Photo d'ARM (ex-psykick Lyrikah) pour son nouvel album "Dernier Empereur"
Gildas Raffenel

ARM, poète, rappeur, dernier empereur

On a aimé
La beauté de l'abstraction
Une qualité d'écriture indéniable
On a eu des difficultés avec
Le manque d'accessibilité de certaines paroles
Des choix d'instrus et de flow parfois assez étrange
72

Ce vendredi sortaient non seulement le très attendu Le chat et autres histoires du Klub des Loosers mais aussi le non-pas-moins-intéressant Dernier Empereur d’ARM. ARM pourrait s’entendre comme « Art, Rimes et Musique » mais surtout comme de la poésie. Après la fin de son groupe « Psykick Lyrikah », c’est seul que le chanteur et lyriciste a pris la suite.

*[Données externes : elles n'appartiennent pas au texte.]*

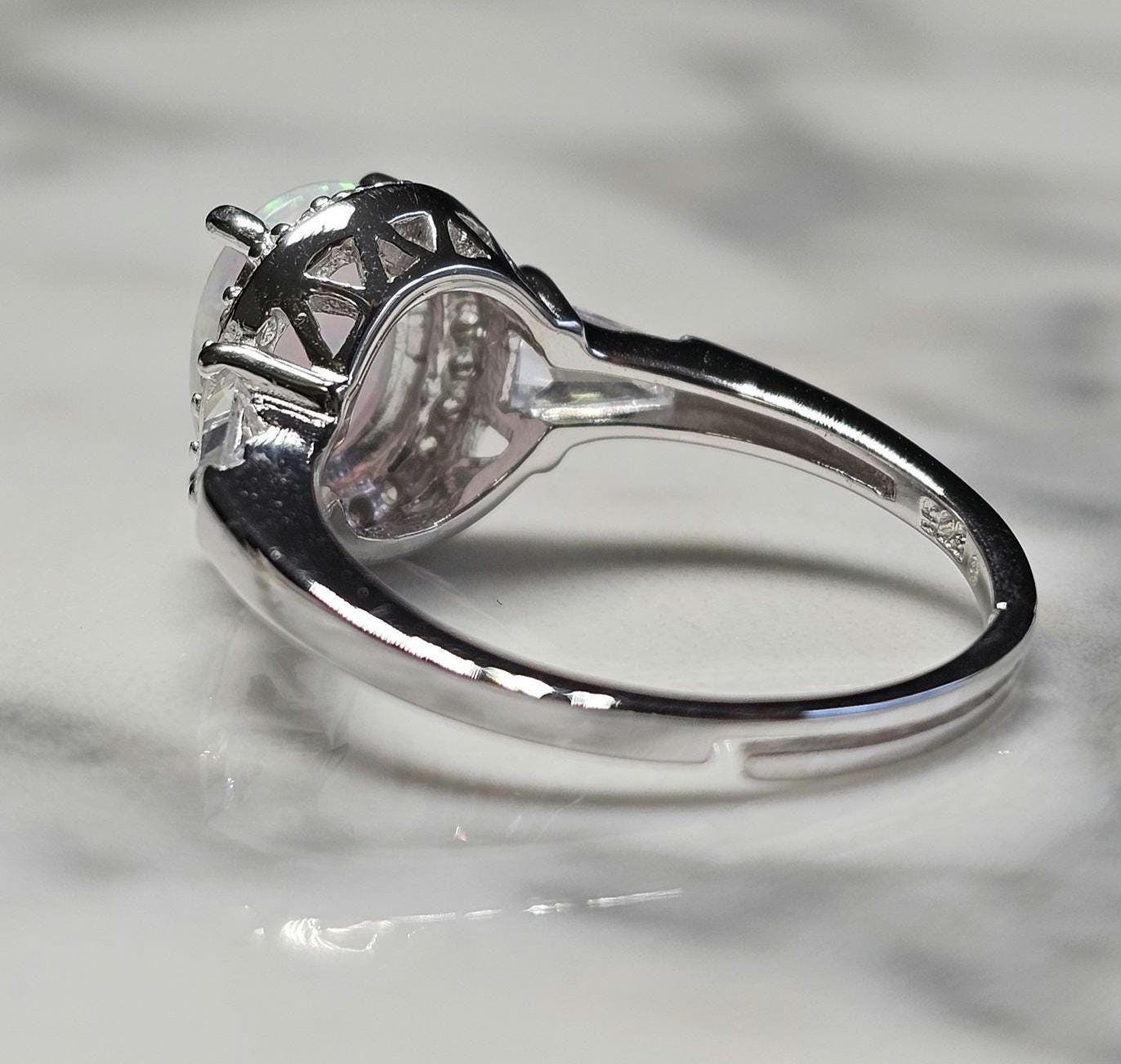 3ct white fire opal and 2 baguette cz ring, Halo Ring with Synthetic Oval Opal, opal engagement ring, oval stone, halo ring, white opal ring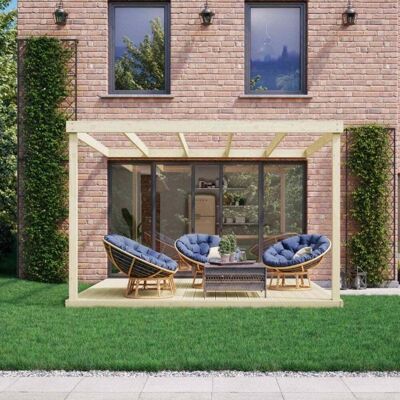 Rutland County Wall Mounted Box Pergola And Decking Kit 3.6m in Light Rutland County Wall Mounted Box Pergola And Decking Kit 3.6m in Light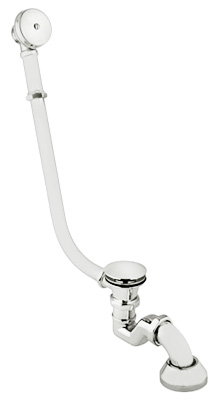 external bath tub complete of
siphon with click clack outlet, mat white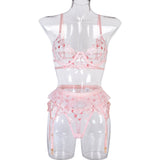 Mesh Flower Perspective Stitching Cross Sexy Lingerie Set
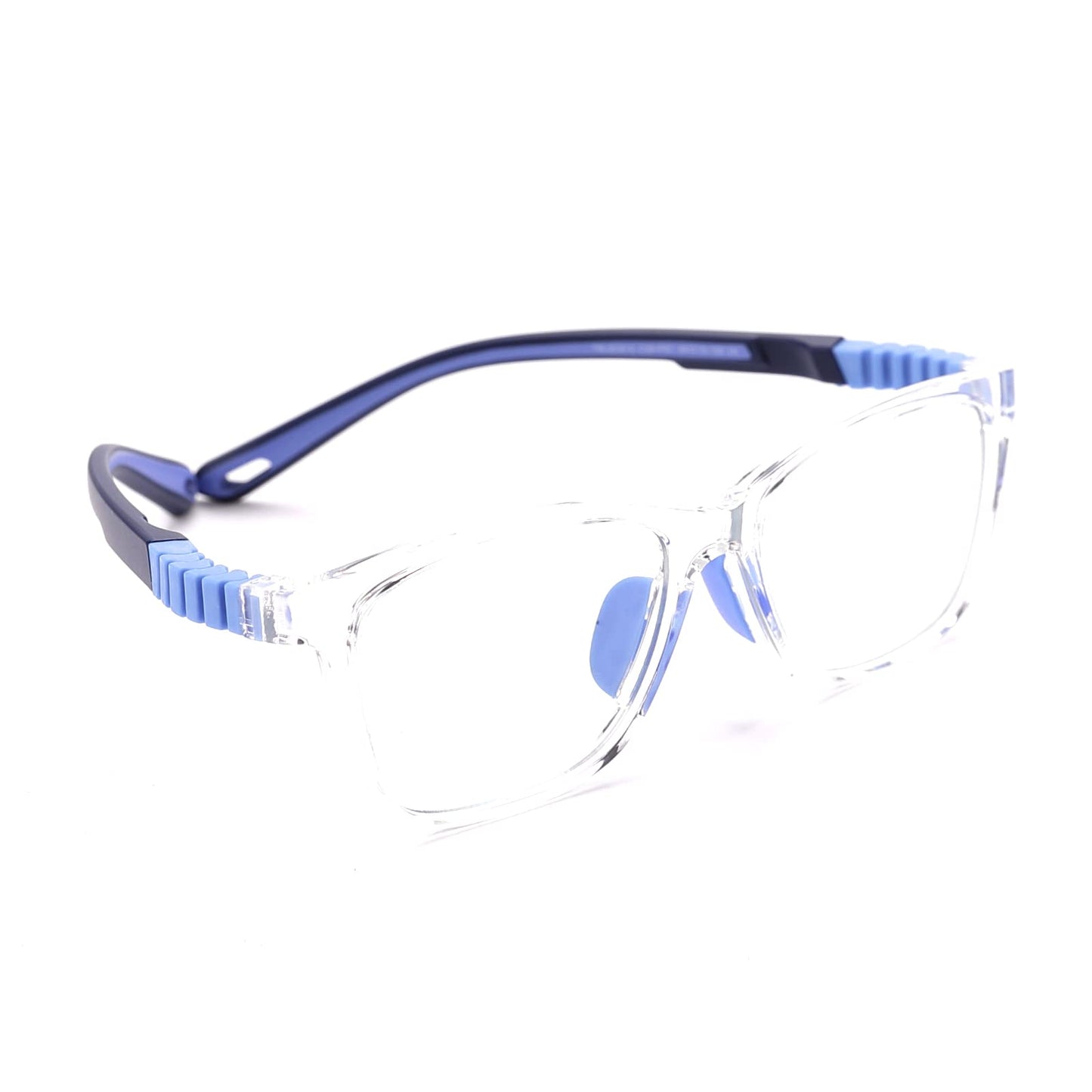 Intellilens Zero Power Blue Cut Computer Glasses, Anti Glare, UV Protection, Lightweight, Transparent Wayfarer, Small, for Boys & Girls.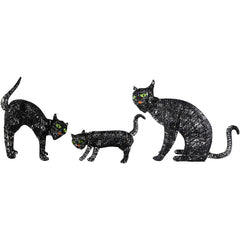 Set of 3 LED Lighted Black Cat Family Outdoor Halloween Decorations 27.5"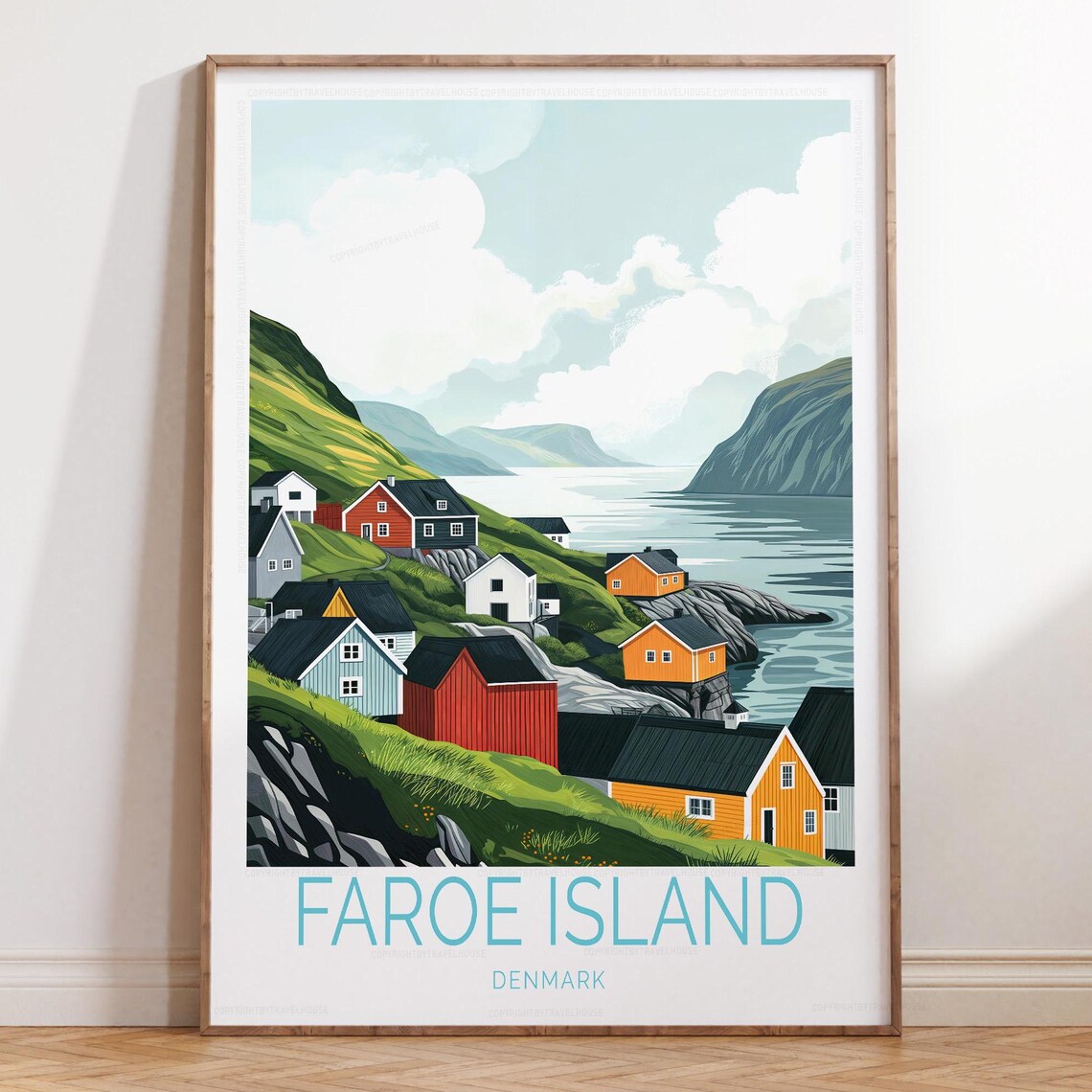 Colorful Faroe Island Village Houses by the Fjord Travel Poster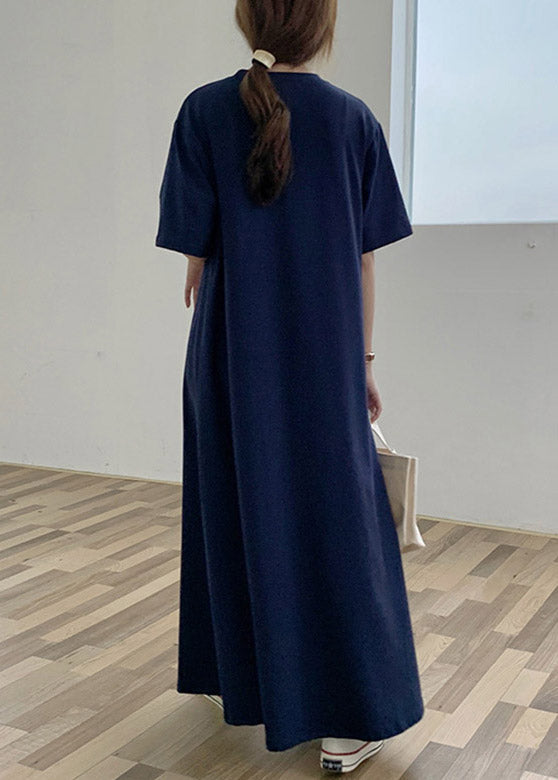 Solid Crew Neck Short Sleeve Oversized Relaxed Maxi T-Shirt Dress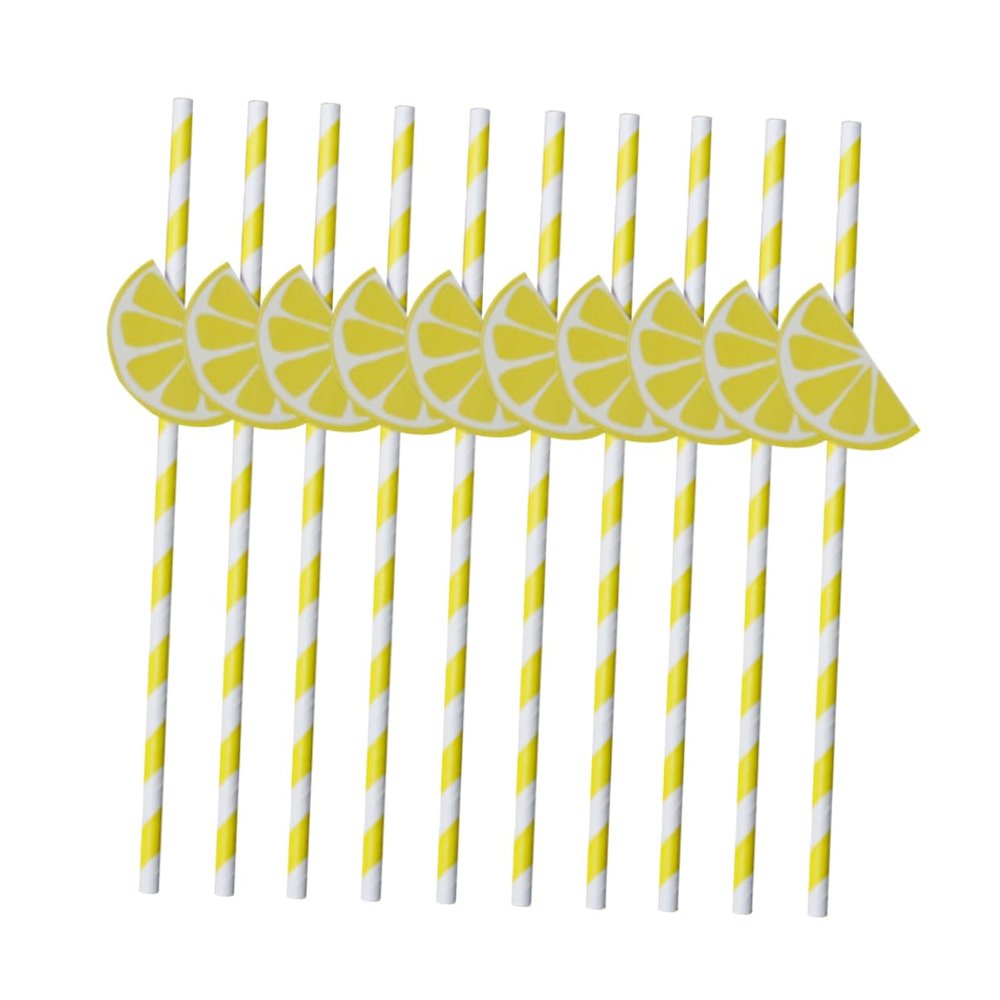 VERDANVERSE 20pcs Hawaiian Decorative Paper Straws for Party BBQ and Luau Theme Decorations Drinking Straws in Lemon Design
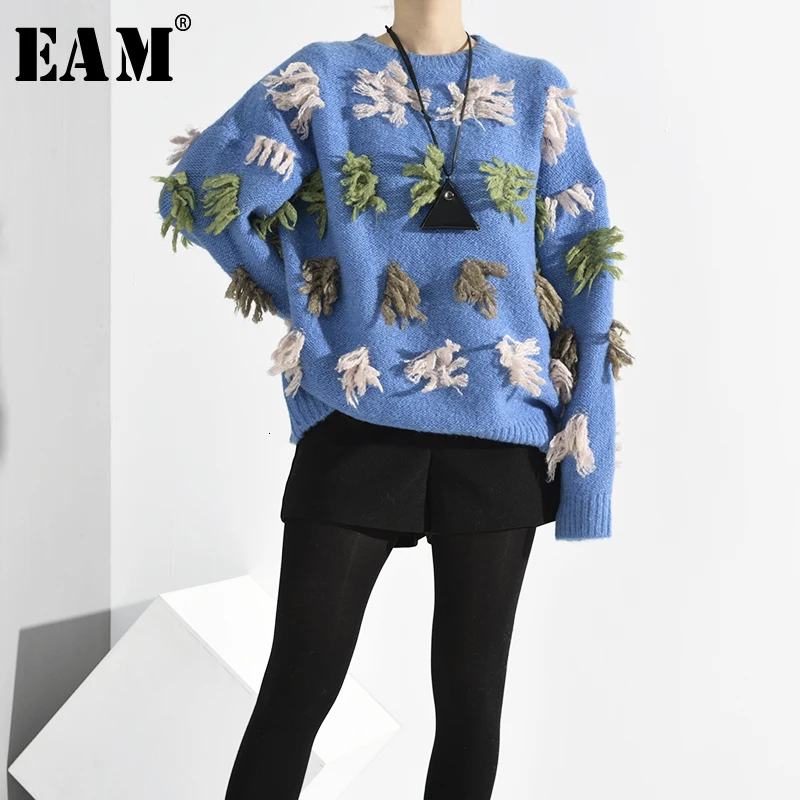 

[EAM] Tassels Big Size Knitting Sweater Loose Fit Round Neck Long Sleeve Women Pullovers New Fashion Spring Autumn 2020 1H4870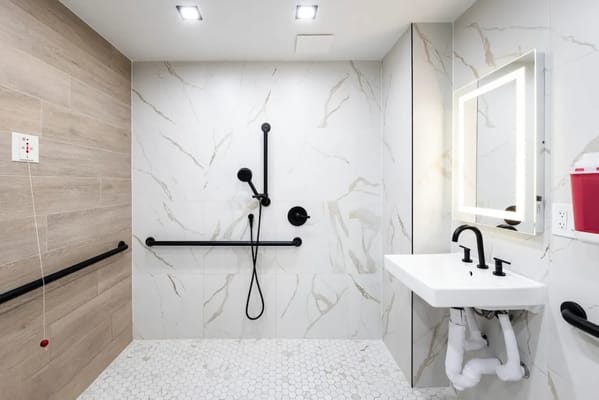 Modern accessible bathroom with grab bars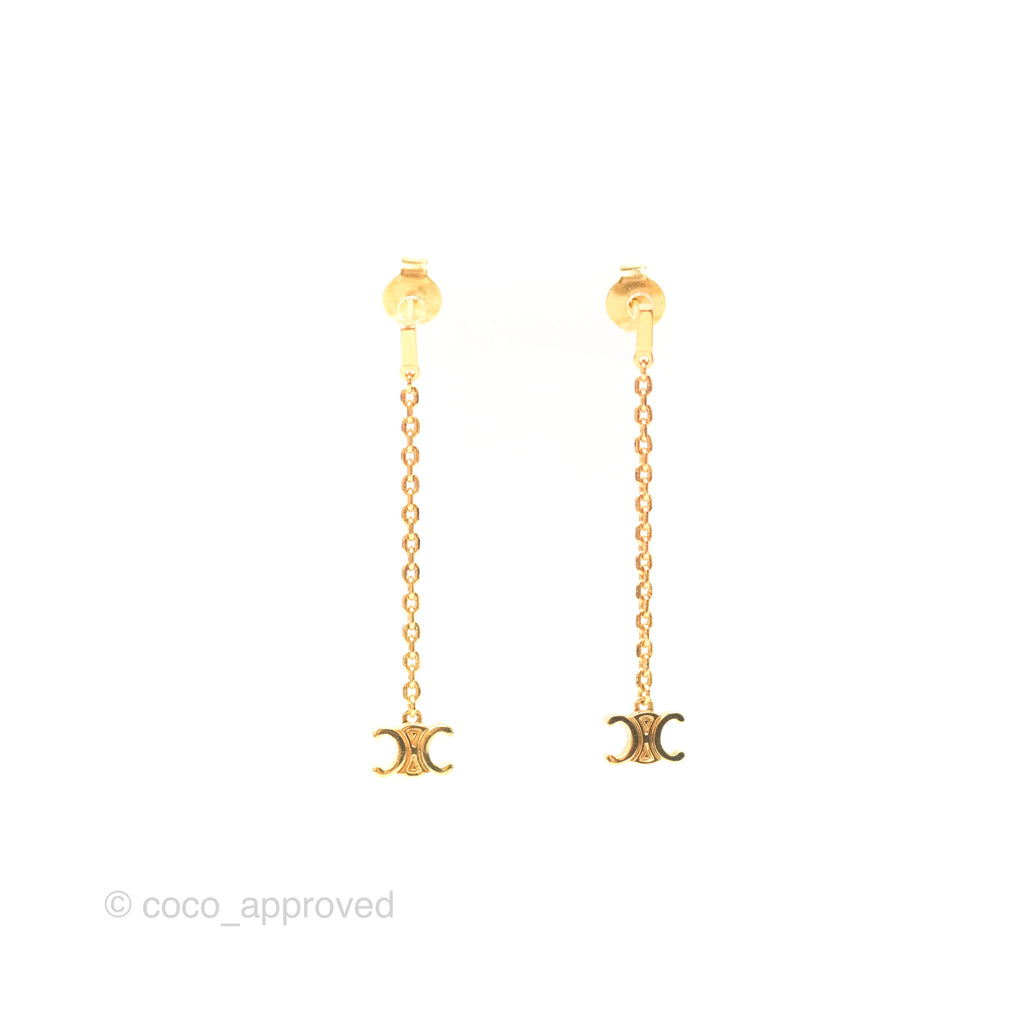 Celine Mini Triomphe Drop Earrings Gold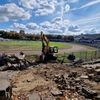 A început demolarea vechiului stadion Corvinul. Foto: Facebook/Corvinul Hunedoara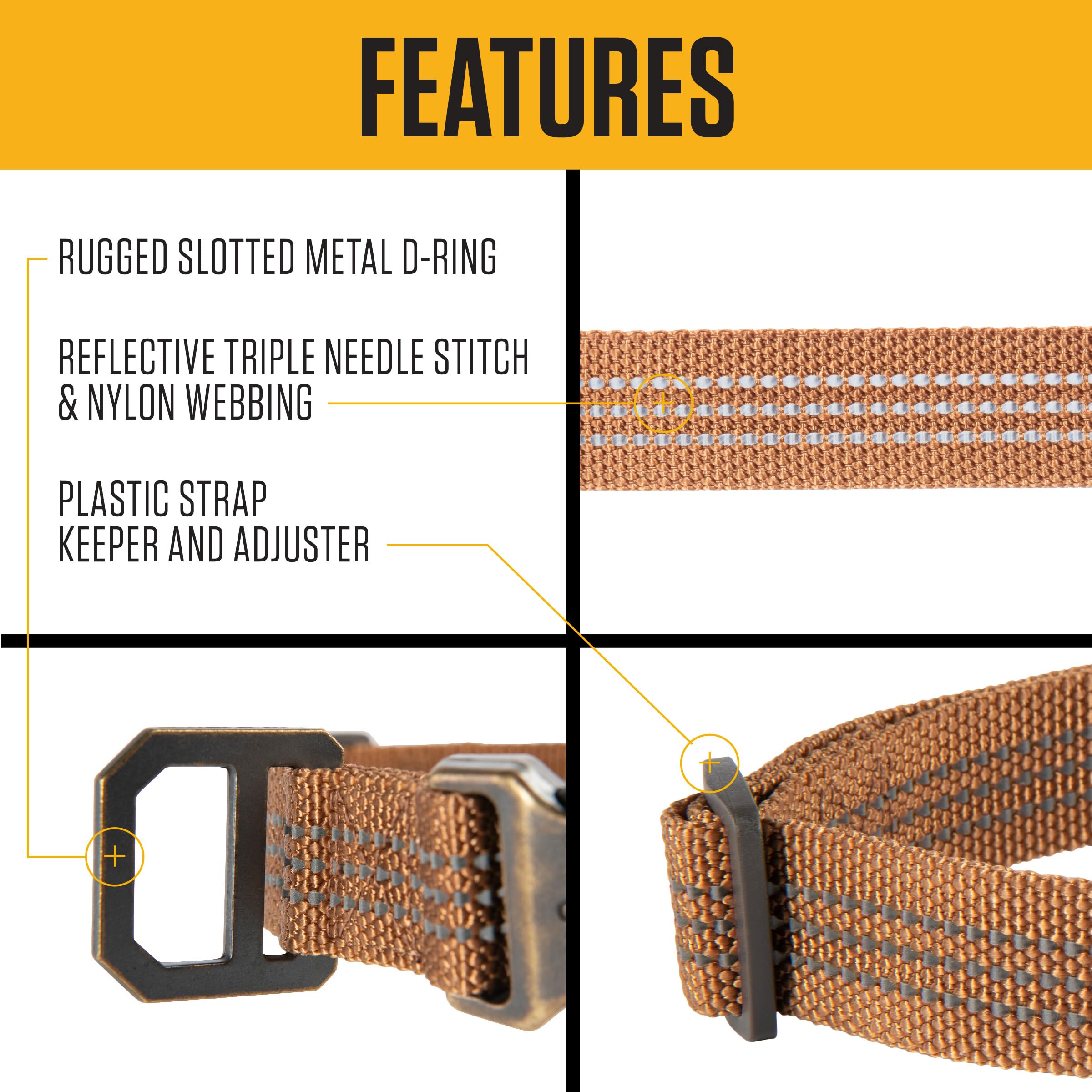Carhartt Fully Adjustable Nylon Webbing Collars for Dogs, Reflective Stitching for Visibility, Light Moss (Nylon Webbing), Mediu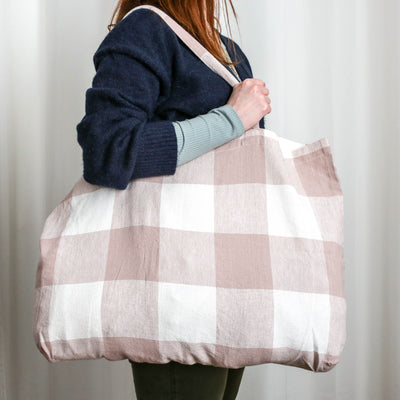 Washed Linen Cotton Sloppy Shoulder Bag - Bold Pink Check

8 disques plus tard, voici donc Dernier Empereur. L’album fait partie de ces albums de rap qui, encore en 2017, échapperaient aux catégories. Rap alternatif ? Un peu trop large… Expérimental ? Cela fait quand même 15 ans qu’ARM officie… Engagé ? Pas vraiment…

Non, décidément on aurait du mal à définir Dernier Empereur autrement que par son côté intemporel. On a bien sûr des références modernes à la pop culture (des clins d’œil à Blade Runner, Akira, Taxi Driver, Batman et Star Wars dans Roule) et des instrus aux airs de trap (quoiqu’un peu vieillies), mais c’est assez marginal, ça n’encre pas l’album dans notre période.

Brumes et poésie

Plus que l’intemporalité c’est bien l’abstraction et la poésie qui font l’essence de cet album qui semble dicté par cet impératif donné par Verlaine un siècle et demi plus tôt :

Car nous voulons la Nuance encor,
Pas la Couleur, rien que la nuance !

 Art Poétique

On pourrait par exemple penser à ces quelques phrases (vers ?) issus de Ta main

Au milieu des rosées que tes matins déversent
Sur ton sol enflammé, comme des milliers de flèches
J’ai couru comme jamais pour ravaler mes pleurs

Ces quelques phrases en disent long sur l’album. Le rappeur ne finit pas de nous peindre un univers sonore. Les raps ne sont pas tant des histoires que des paysages. Et pourtant… Les textes n’ont rien d’une nature morte. Au contraire, les instrumentales rendent toute la dimension organique de ces paroles parfois si contemplatives.

En revanche…

Bien sûr, ARM n’échappe cependant pas au problème de tout poète symbolique : celui de nous faire se demander « mais de quoi parle-t-il au juste ? » Même lui ne semble pas toujours très bien le savoir… Sur son Facebook il déclare ainsi à propos du même morceau :

[Ta main] parlait à l’origine de la nostalgie d’un pays perdu. Après l’avoir posé, ce qu’il racontait semblait avoir changé. J’y entendais plein de choses que je ne pensais pas avoir voulu écrire.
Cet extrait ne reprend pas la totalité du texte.